# Verify the identity 1+sinx=cos(90-x)+ cot45

*print*Print*list*Cite

### 2 Answers

We have to prove that 1+ sin x = cos( 90 - x) + cot 45

Let's start with cos( 90 - x) + cot 45

cos (90 - x) - cot 45

cos 45 = sin 45 = 1/sqrt 2 , cos (90 - x) = sin x

=> sin x + cot 45

=> sin x + 1

which is the left hand side.

**This proves that sin 45 + 1 = cos (90 - x) + cot 45.**

There are 2 methods, at least to prove the identity.

One method is to manage only the left side, changing the value 1 into sin 90. Then, we'll transform teh sum into a product.

The other method is to manage only the right side and to expand the cosine of the difference.

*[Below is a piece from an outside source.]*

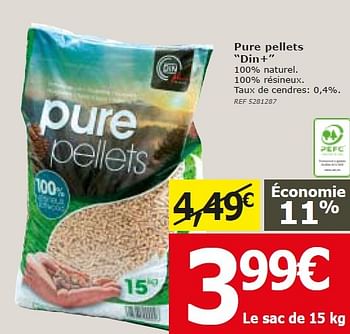 Promotions Pure pellets din+ - Produit maison - BricoPlanit - Valide de 09/09/2015 à 28/09/2015 chez BricoPlanit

cos (90 - x) = cos 90*cos x + sin 90*sin x

cos 90 = 0 and sin 90 = 1

cos (90 - x) = 0*cos x + 1*sin x

cos (90 - x) = sin x

cot 45 = 1

We'll substitute the terms from the right side and we'll get:

1 + sin x = sin x + 1

**The addition is commutative and LHS = RHS=> the given identity,1+sinx=cos(90-x)-cot45, is true.**